:: Activity ::
Where an entry holds an image, skip the image but reproduce the rest word for word.

:: Data to process ::
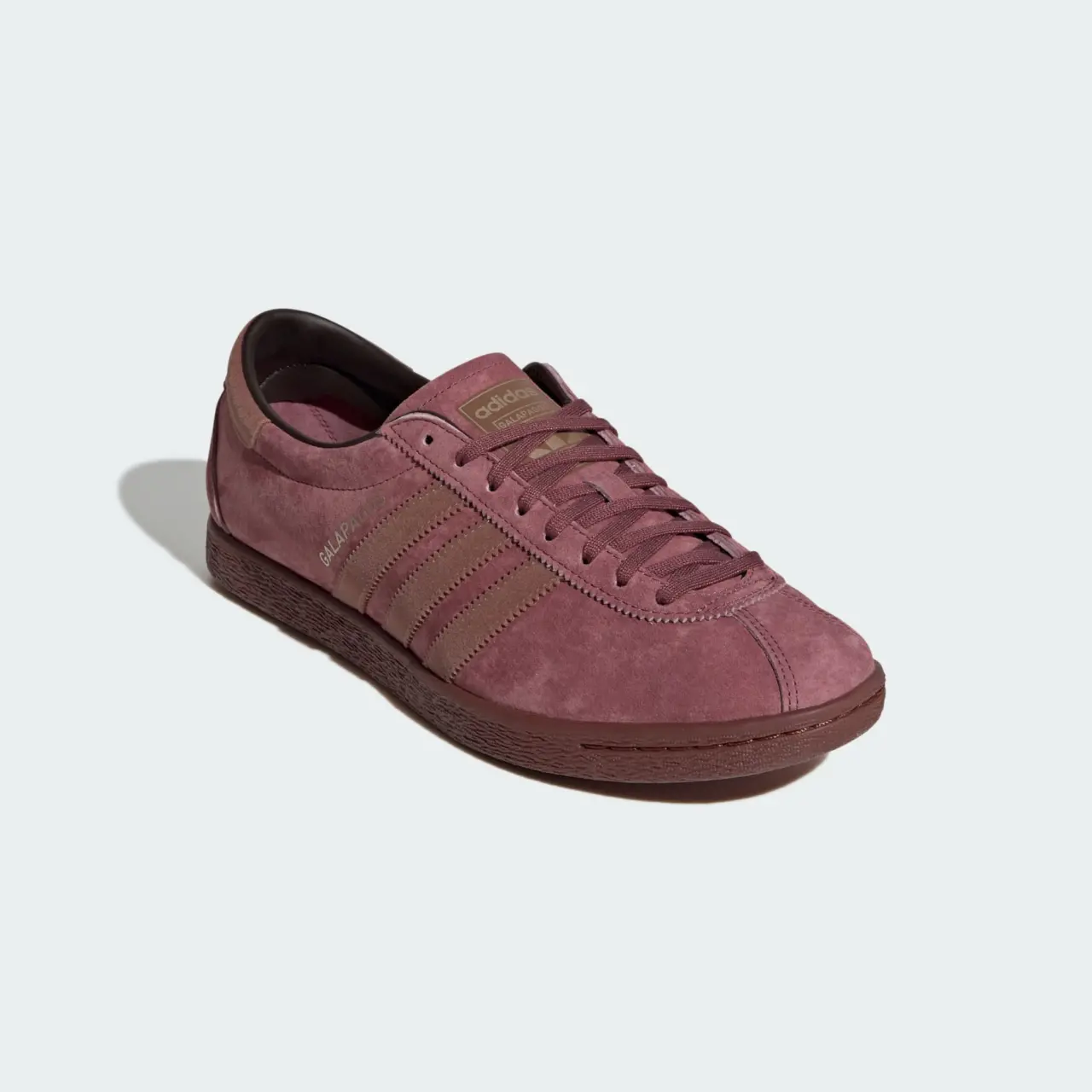 Giày Adidas Galapagos 'Burgundy' HQ7272 - Ảnh 3
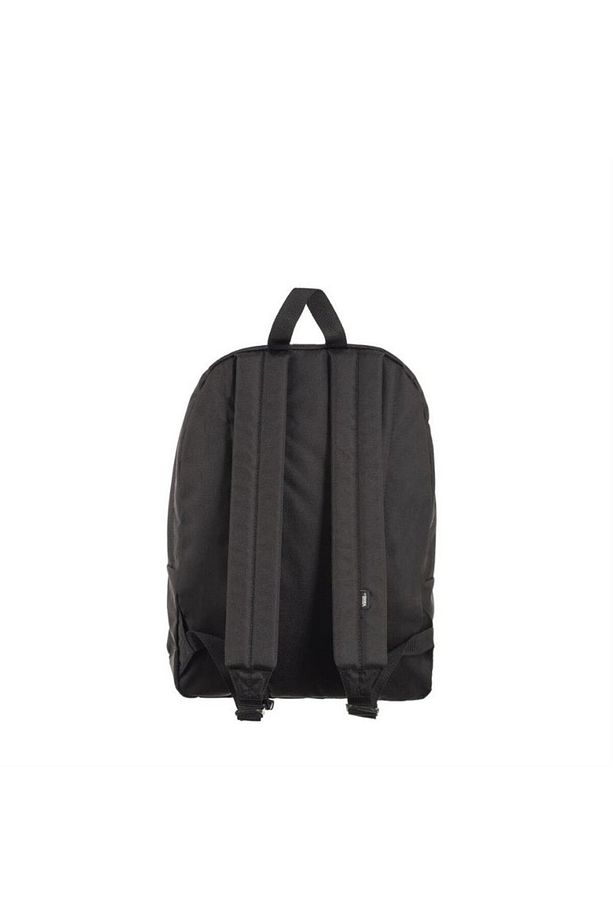 Old Skool Print Backpack Unisex Sırt Çantası Vn000h50blk1 Siyah - 2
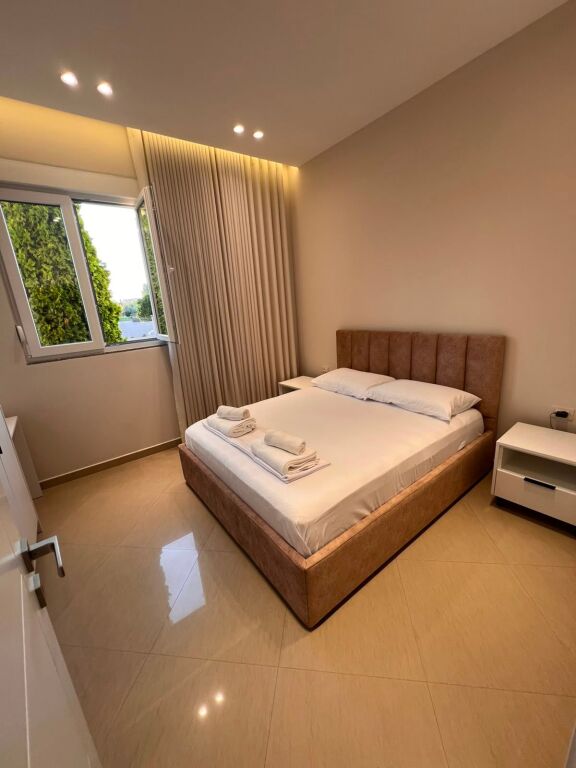 🏡 Apartment 1+1 for rent 🛋️ Fully furnished ✨ Modern furniture and spacious rooms 🚗 Parking space included in the price  💰 Price: 500 €/month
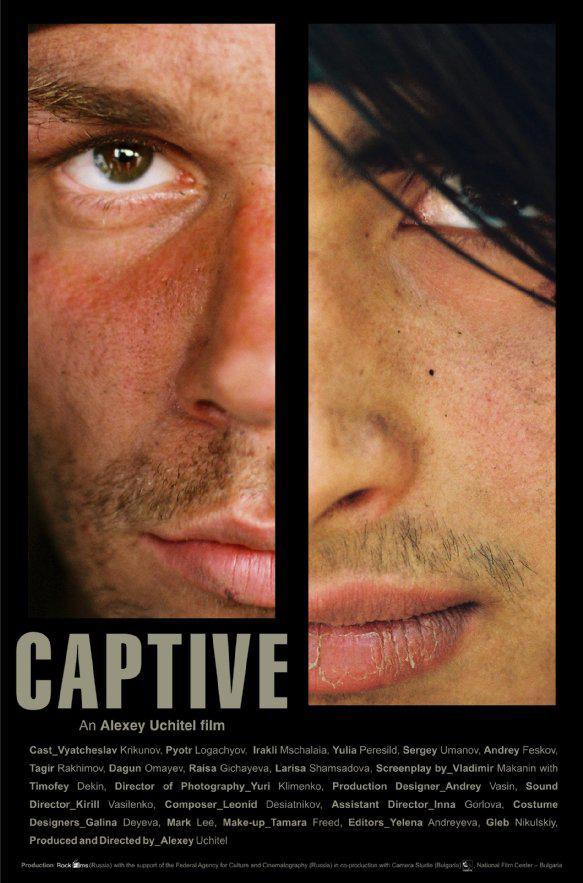 Captive (2023) - Filmaffinity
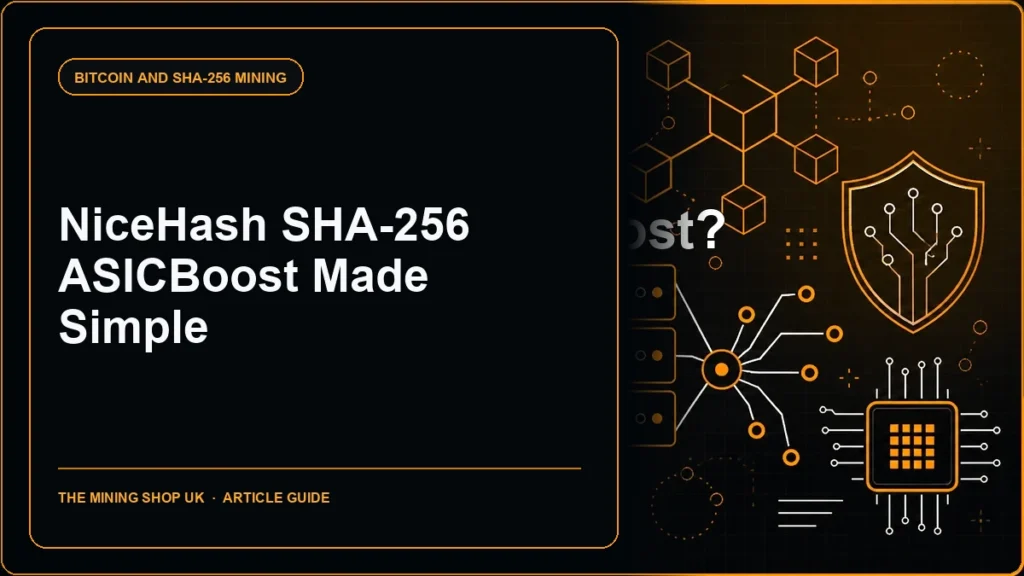 NiceHash SHA-256 ASICBoost guide cover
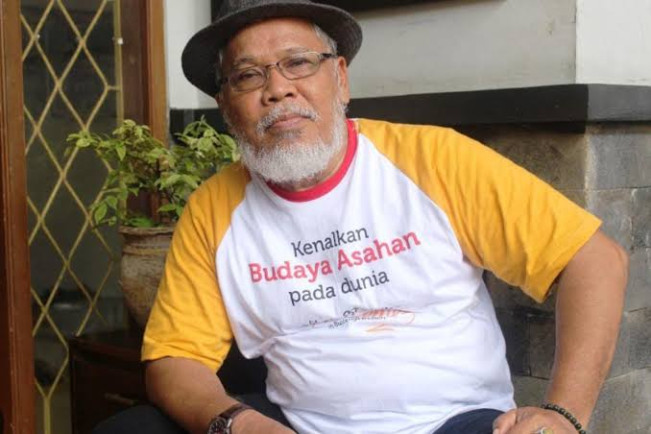 Aktor Legendaris Dorman Borisman Tutup Usia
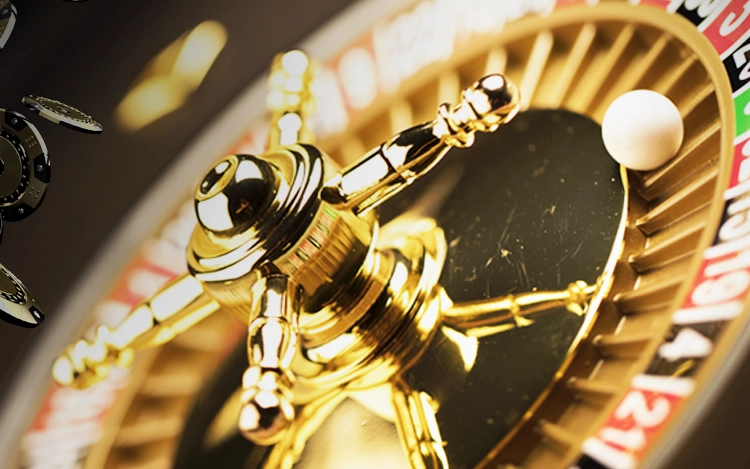 Ruleta clásica (RNG)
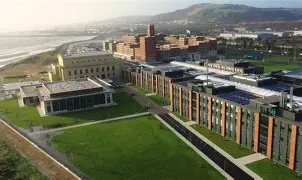 Swansea University campus 1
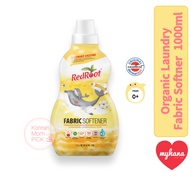 RedRoot Organic Baby Laundry Fabric Softener Vanilla Cotton 1000ml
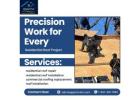 Precision Work for Every Residential Roof Project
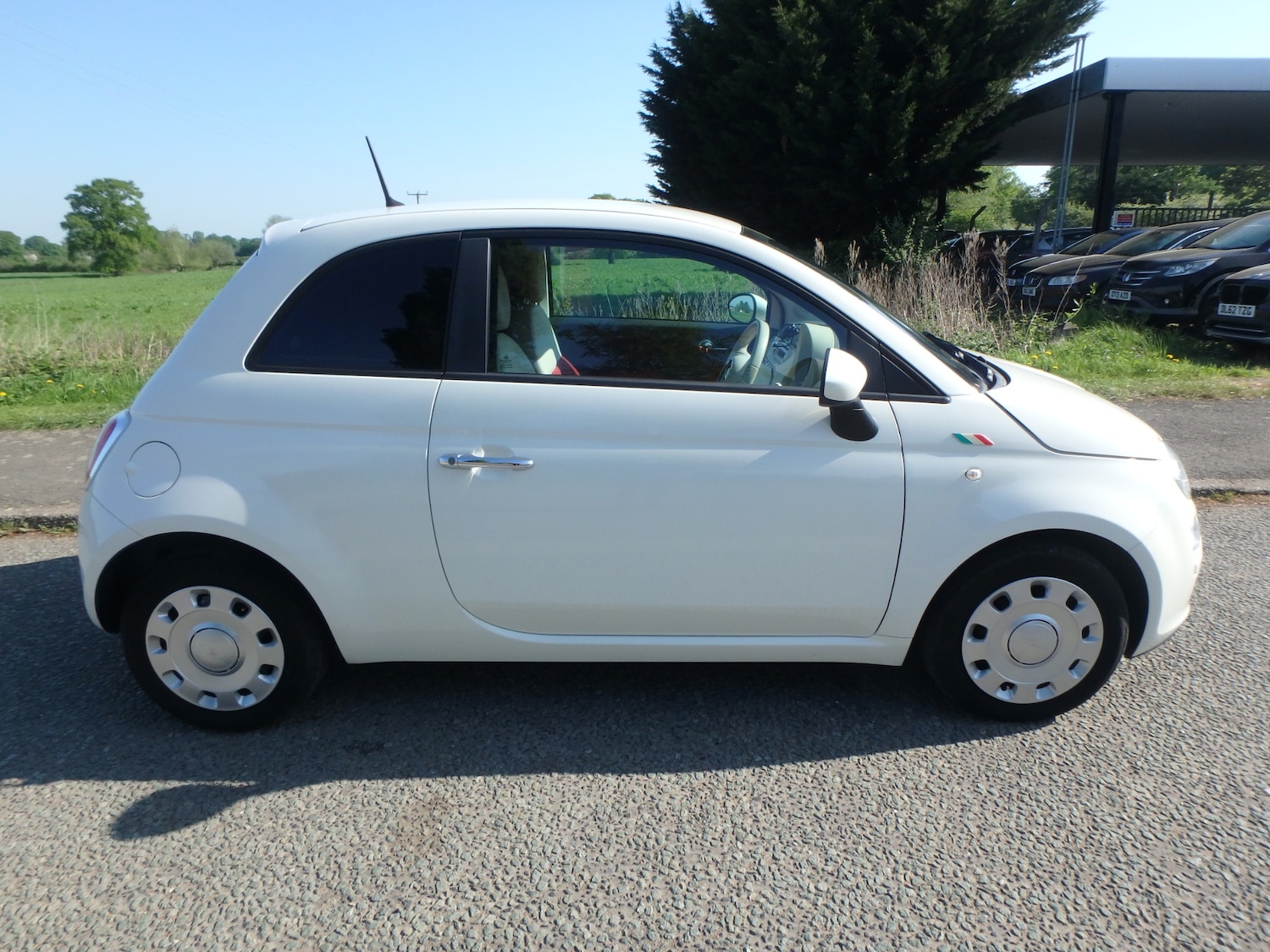 Vehicle 8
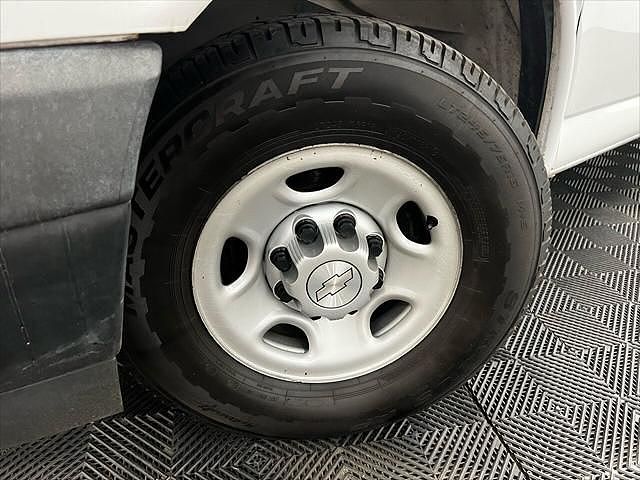 2017 Chevrolet Express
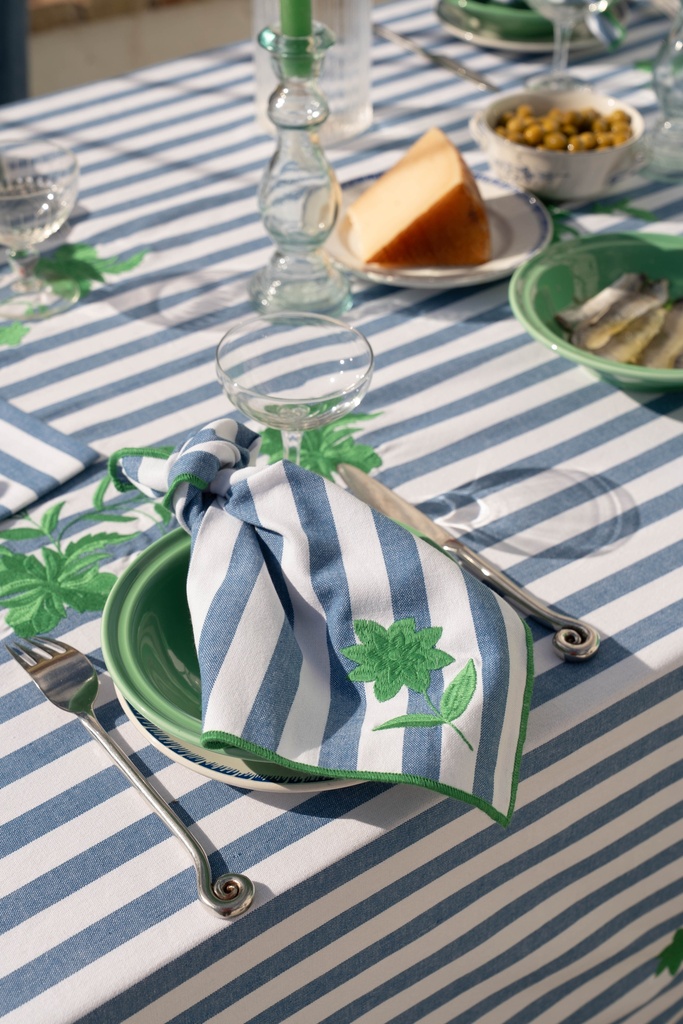 Nappe Boch Blue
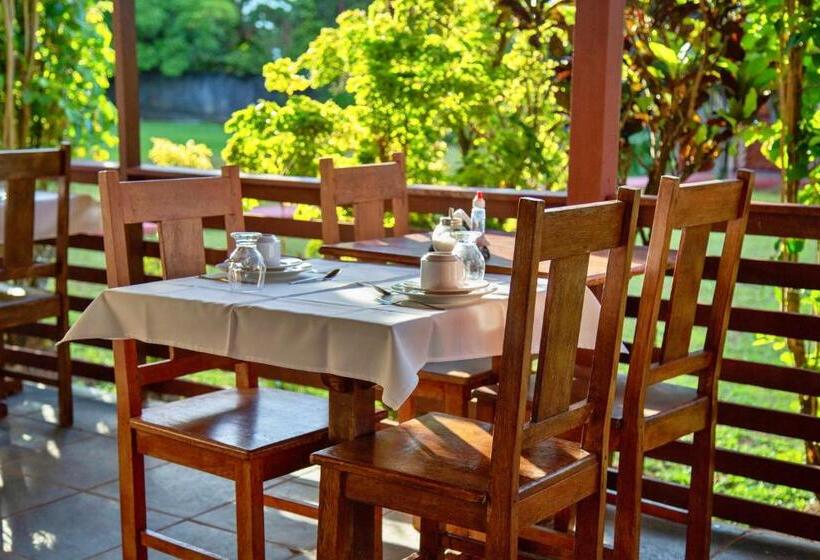 펜션 Pousada O Canto Do Francês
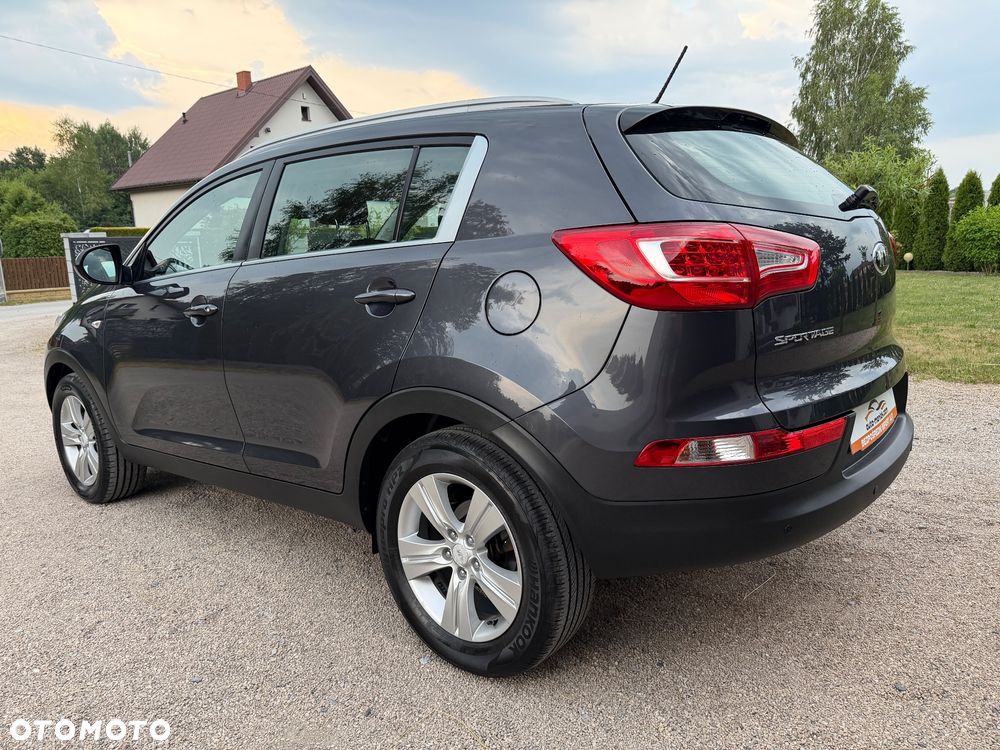 Kia Sportage 1.7 CRDI 2WD Attract - 14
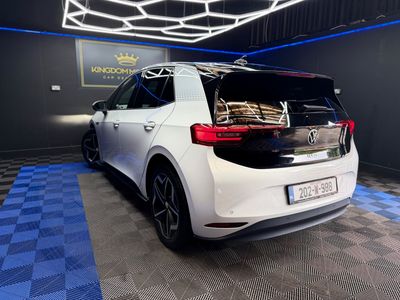 2020 Volkswagen ID.3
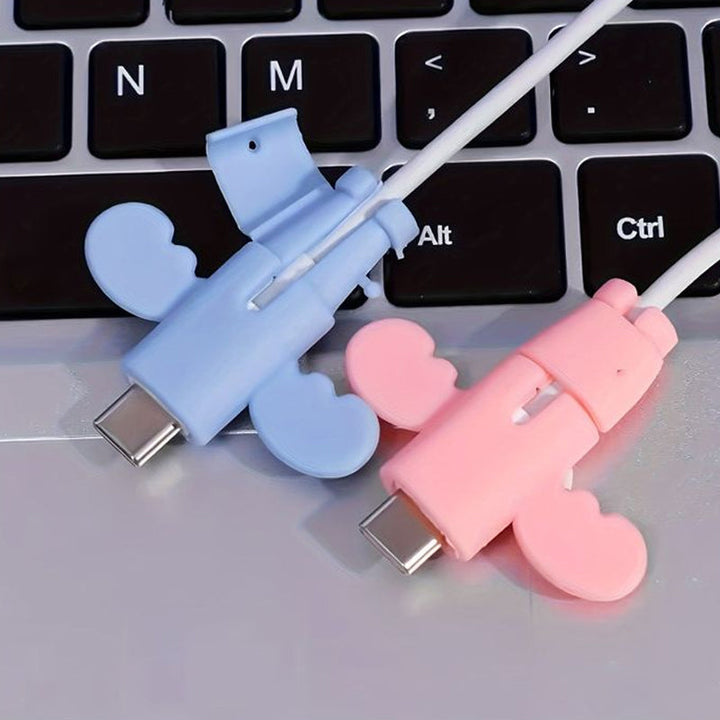BowLift | Silicone Angel Cable Protection Cover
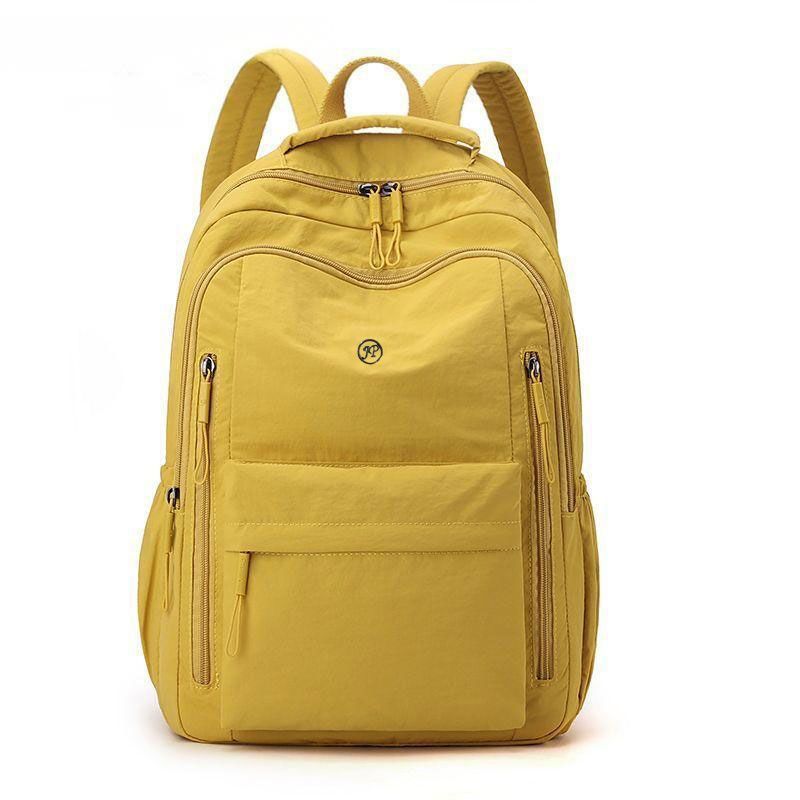 Multi-Compartment Leichter Reise-Rucksack Brehn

:: Result of this task ::
 Giày Adidas Galapagos 'Burgundy' HQ7272 - Ảnh 3
 Old Skool Print Backpack Unisex Sırt Çantası Vn000h50blk1 Siyah - 2
 🏡 Apartment 1+1 for rent 🛋️ Fully furnished ✨ Modern furniture and spacious rooms 🚗 Parking space included in the price  💰 Price: 500 €/month
 Captive (2023) - Filmaffinity
 NiceHash SHA-256 ASICBoost guide cover
 Aktor Legendaris Dorman Borisman Tutup Usia
 Ruleta clásica (RNG)
 Swansea University campus 1
 RedRoot Organic Baby Laundry Fabric Softener Vanilla Cotton 1000ml
 Precision Work for Every Residential Roof Project
 Vehicle 8
 2017 Chevrolet Express
 Nappe Boch Blue
 펜션 Pousada O Canto Do Francês
 Kia Sportage 1.7 CRDI 2WD Attract - 14
 2020 Volkswagen ID.3
BowLift | Silicone Angel Cable Protection Cover
 Multi-Compartment Leichter Reise-Rucksack Brehn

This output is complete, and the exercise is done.